I surprised myself today with a random memory from when I first arrived in Germany last March. I had just picked up my rental Audi, and stopped off at a secluded rest stop just outside Frankfurt. It was just a breathtaking view — the lot overlooked a cliff, and I marveled at the bright green hills of the countryside. I also needed a mini travel nap. I was surprised that I could even sleep in the car in the middle of nowhere, and I cannot seem to relax enough on flights. I looked over to my passenger — soon-to-be Mr. 10SB. I was excited for this trip. For both of us.
And that is what this post is about: anticipation. And normally how it fades and everything goes to shit. No –I promise I have worked through my jadedness.
What are you anticipating in your current relationship?
For a brief moment — even so early in our relationship — I wished 10SB was “someone else” in that passenger seat. I was deeply content, but not deeply satisfied and probably pretty fucking miserable of a bitch. Obviously, I hadn’t quite moved on from SSD while I was with 10SB. Unfair to both of us probably, but I was in a fabulous rut and getting laid was nice decent. I am a horrible ex-girlfriend. Whatever, I got my karmic milkshake when he dumped me. After we broke up, I anticipated somehow rekindling (once again) with SSD. He was the first person I texted too. That’s fucked up — I know. As I brutally learned again, anticipating this bastard as a potential was a large, depressing sinkhole.
In dating HG, there is a continuous cycle of anticipation — being that he is long-distance — I am always giddy when I hear he is coming into town a little early or changing his schedule to my preference so that I don’t have to wait over a week to see him until after Christmas. I anticipate introducing him to my friends, so they can register him on the Bullshit Scale. I anticipate looking all hot for him on New Year’s Eve. And I giggle constantly because I am just… thrilled.

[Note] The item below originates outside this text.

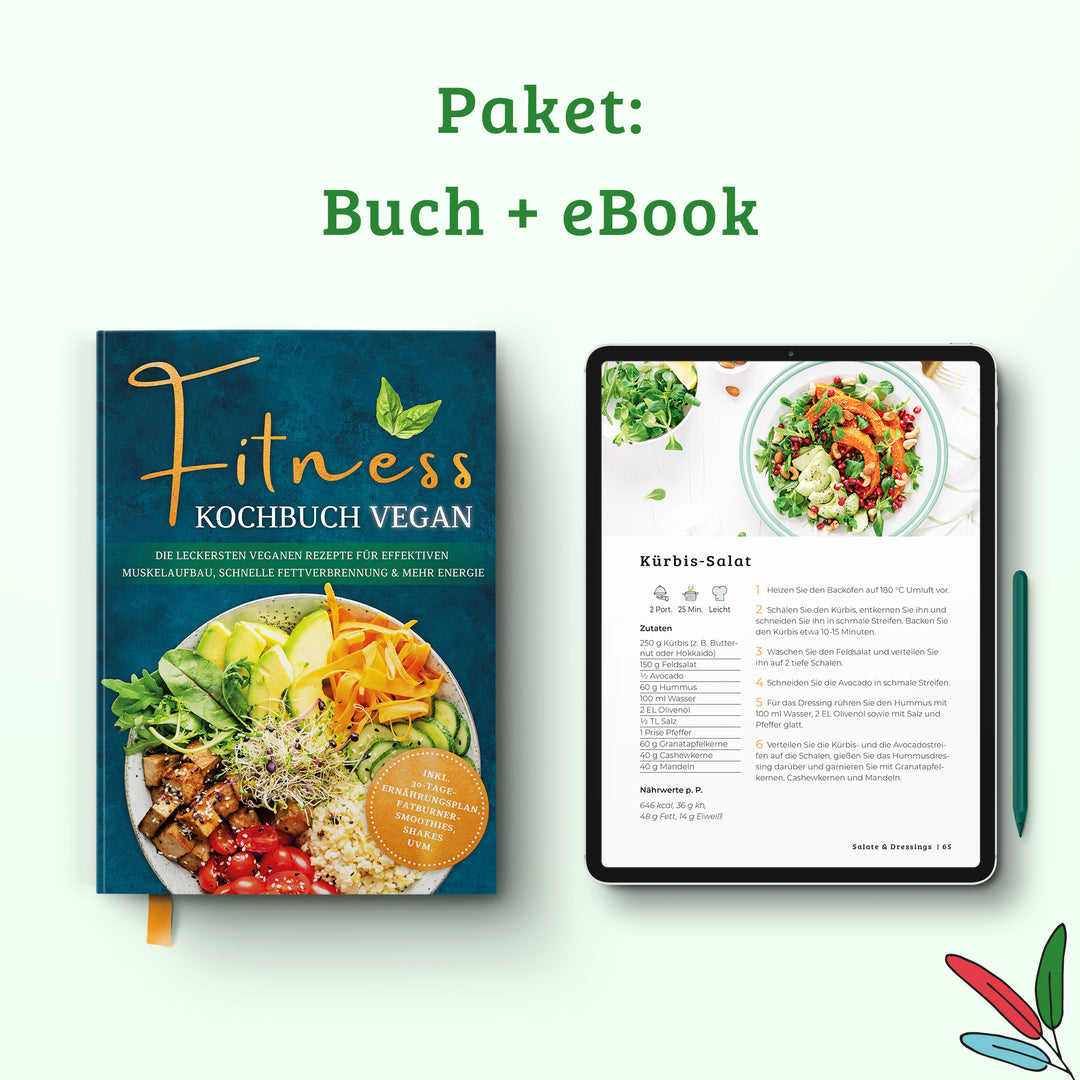Fitness Kochbuch vegan: Die leckersten veganen Rezepte für effektiven Muskelaufbau, schnelle Fettverbrennung und mehr Energie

And with that, vacations and traveling together (with our without anticipation) is “one of those steps” in a budding relationship. (Thankfully, not a three-day road trip adventure with Psychotically Unpredictable). Currently, in the process of planning my first vacation with HG, I’m really frenzied and probably drooling anticipation. And there has not been one single moment when I wished it to be anyone else.
Now, THAT speaks volumes about good relationships. I mean, this is how it’s supposed to be, right?